Dessa forma, limpeza, higiene, cuidados básicos com o corpo e a pele acabam não sendo tão associados a saúde, e sim a resultados de beleza. E beleza, estar bela, é uma preocupação feminina, e portanto vista como “fútil”, “inferior”. E como pensar em limpeza e cuidados é “coisa de mulher”, do outro lado temos homens que são incentivados a serem completamente relapsos com seu autocuidado ou até constrangidos se demonstram asseio, que é confundida com “vaidade” e portanto “frescura”.

E o resultado prático disso?

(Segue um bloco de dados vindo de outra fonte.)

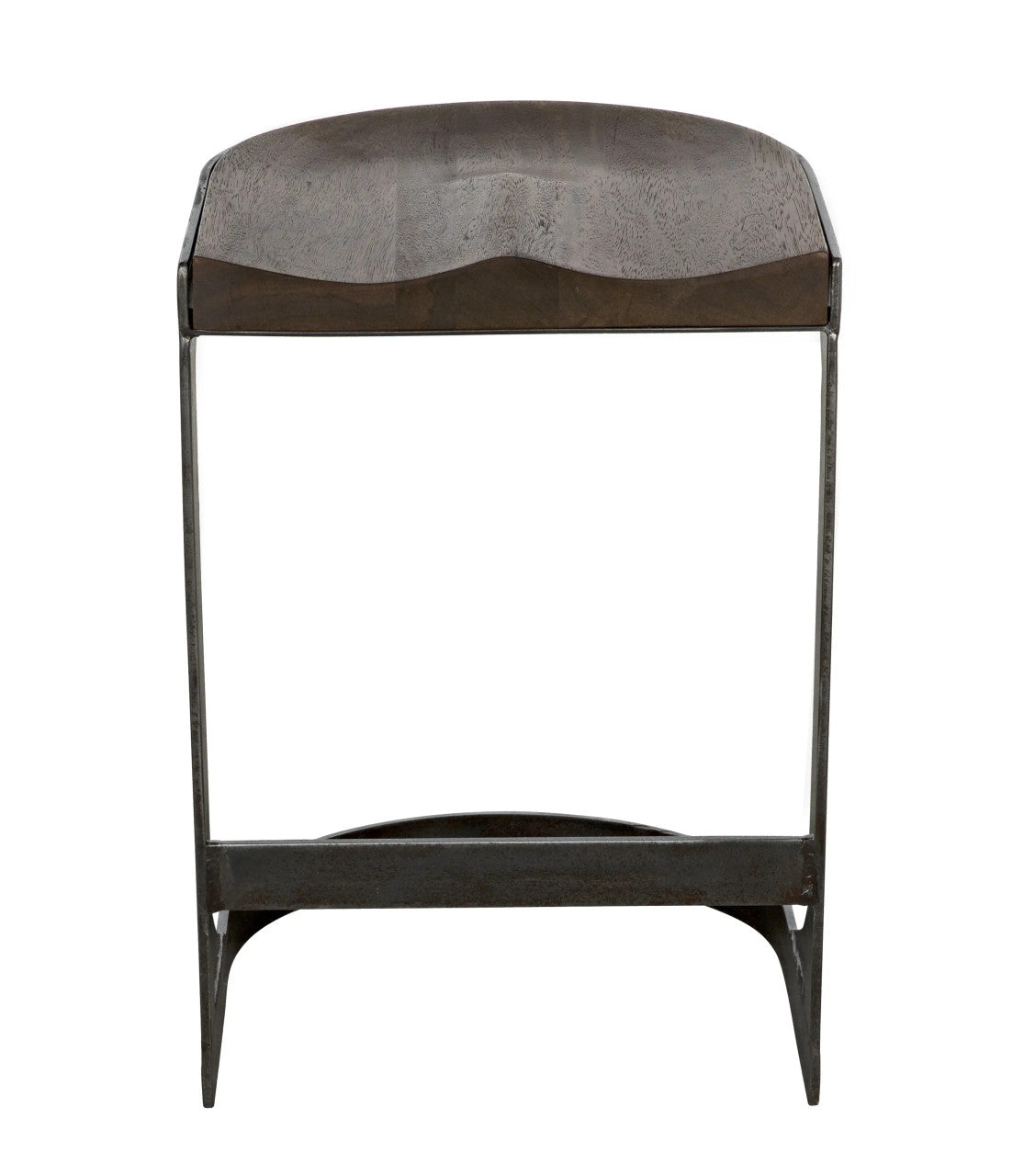 Noir Baxter Counter Stool in Dark Walnut with Matte Black Legs GSTOOL130MTS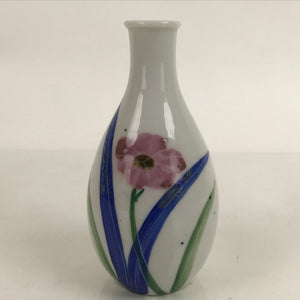 Japanese Porcelain Sake Bottle Tokkuri Vtg Ichi-Go Pink Flower White Blue TS713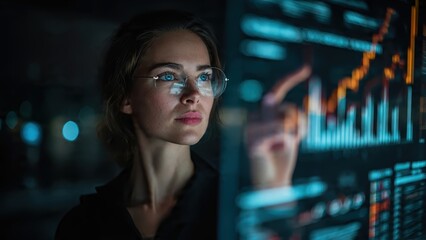 Obraz premium A focused individual wearing glasses analyzes digital data on a screen, showcasing graphs and trends in a dark environment.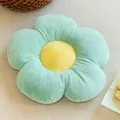 Coussin en peluche tournesol vert menthe et jaune avec texture douce en fausse fourrure - Vert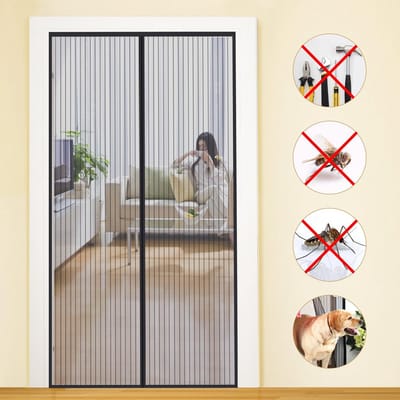 Magnetisch Vliegengordijn - 80x210cm Zwart - Zelfsluitend - Kind- & Huisdiervriendelijk - Sterke Magneten - Magnetisch Deurhor - Horgordijn - Hordeur - Houd insecten buiten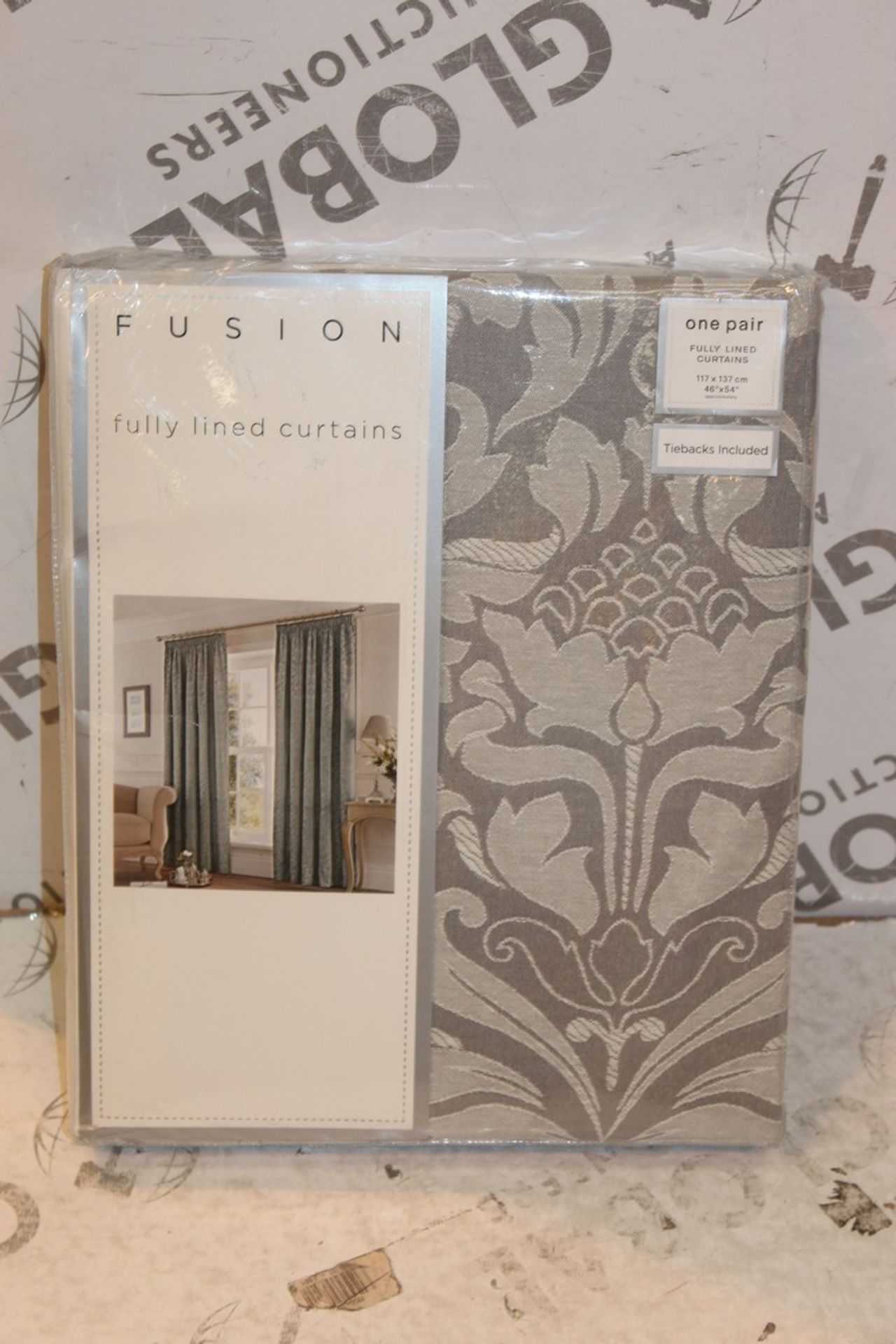 Bagged Pair Of Fushion Eastbourne Silver Lined Pencil Pleat Headed Curtains RRP £35 (18967) (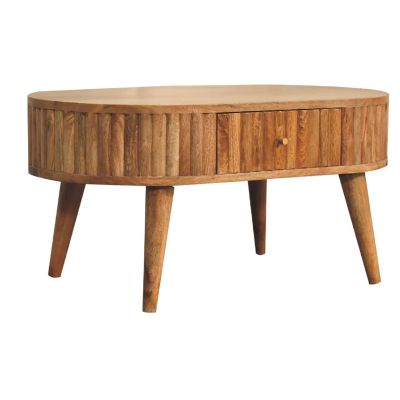 Solid Mango Wood Coffee Table Unit with Stripe Pattern - Oak Finish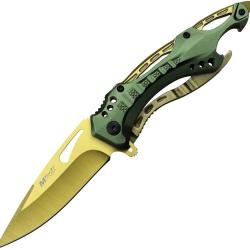 Couteau Pliant MTech A/O Lame Acier 3Cr13 Drop Point Manche Aluminium Vert Linerlock MTA705GGN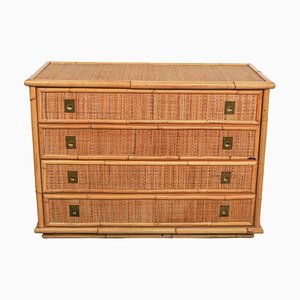 Midcentury Bamboo, Rattan and Brass Chest of Drawers attributed to Dal Vera, Italy, 1970s-LYQ-1758582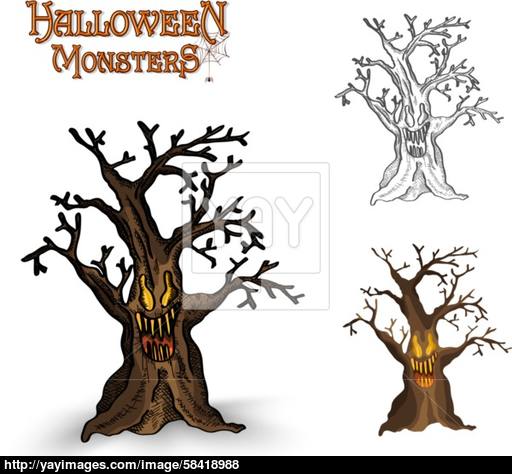 512x474 Halloween Monsters Spooky Tree Illustration Eps10 File Vector
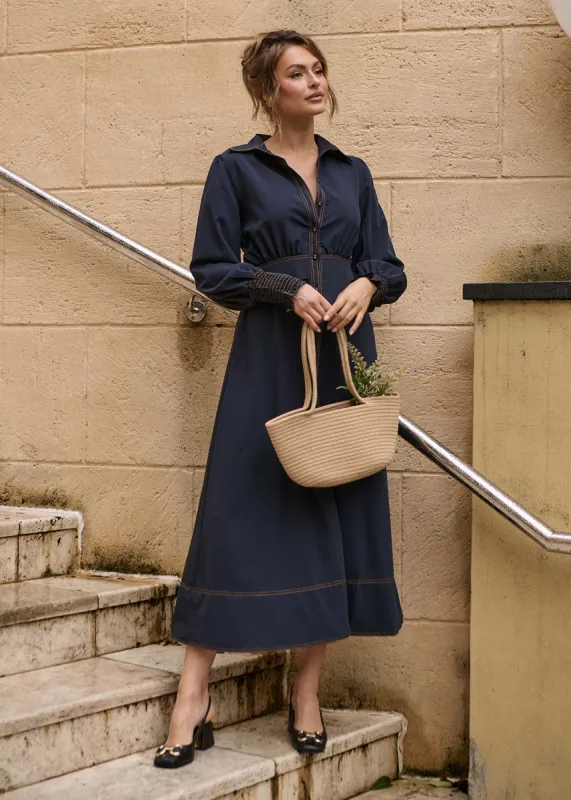 Zaylin Maxi Dress - Indigo sold by Gingham & Heels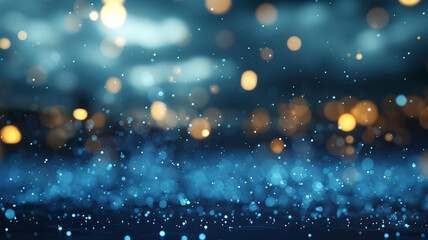 Fototapeta na wymiar A peaceful gathering of sky blue particles, floating serenely against a dark sky. The bokeh lights create a sense of depth and openness, inviting the viewer into a moment of tranquility.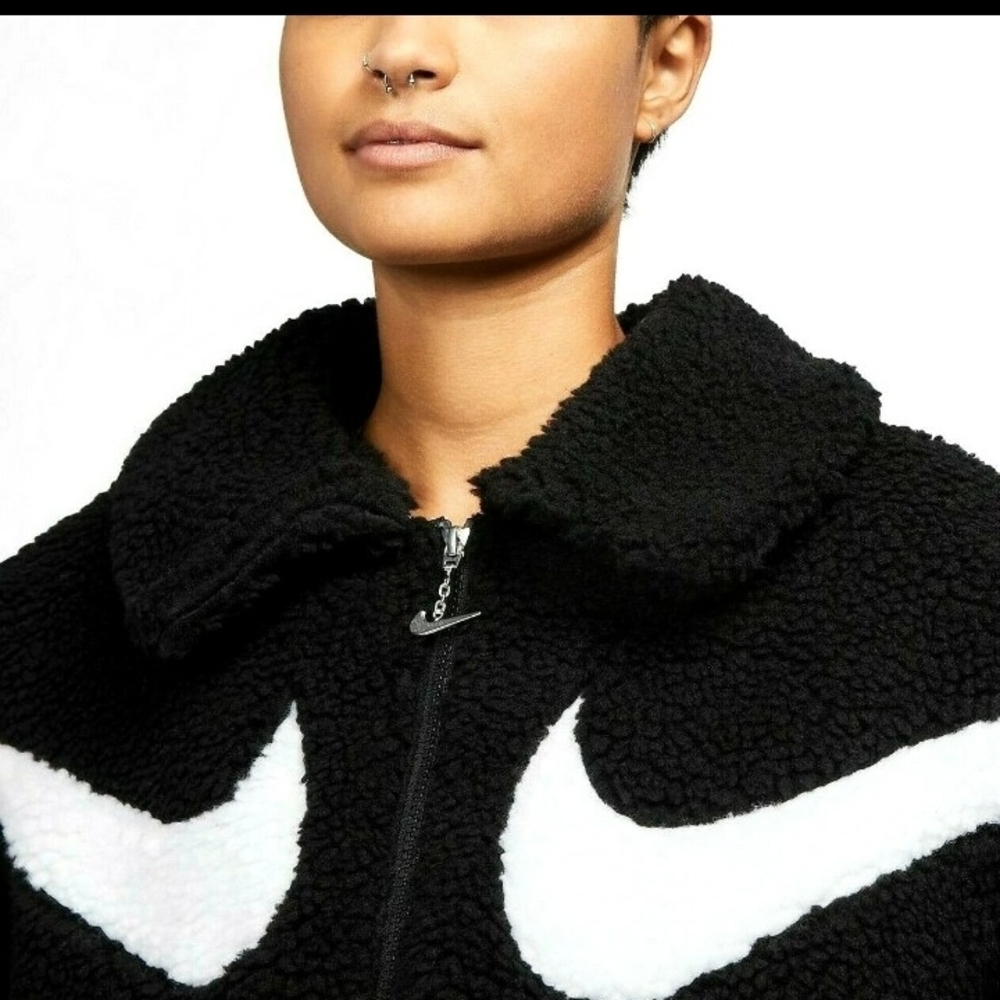 Nike Women's Black and White Teddy Jacket
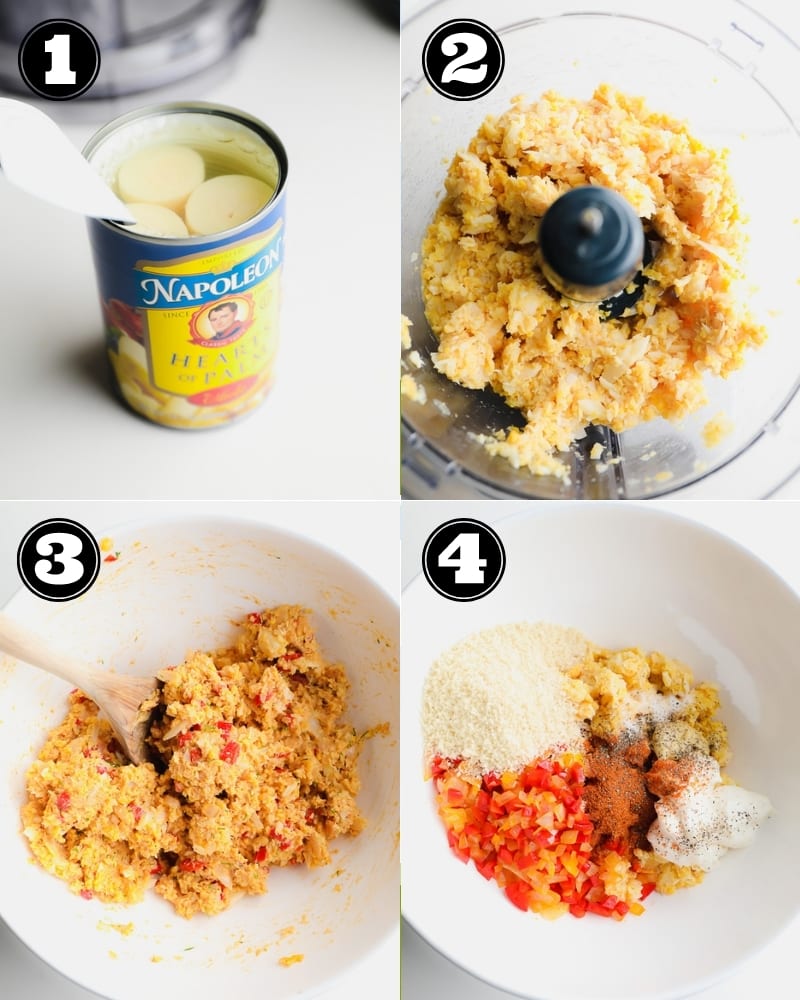 4 images showing the steps to making vegan crab cakes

Homens que tem zero preocupação com cuidados mínimos de higiene corporal e que cultivam com orgulho e como prova de masculinidade a imagem de “porcalhão”. Quando mais tosco e rude, mais “macho” e celebrado entre os pares. Temos homens que mal se preocupam em tomar banho e ostentam por aí cuecas freadas com a maior naturalidade do mundo, ignorando que isso acontece por sua inabilidade (e preconceito) em limpar a própria bunda. Que têm um estado geral de cabelos, dentes, unhas, sempre de discutível a deplorável, além de outros hábitos bastante reprováveis como sempre deixar banheiros imundos por onde passam e a ideia de que tem permissão para urinar em qualquer lugar.

E a sociedade — machista — incentiva, ainda que não abertamente, esses hábitos, deixando bem claro para homens que quanto mais afastado de qualquer característica que possa ser associada com o “feminino”, mais “macho”, mais “viril” ele é.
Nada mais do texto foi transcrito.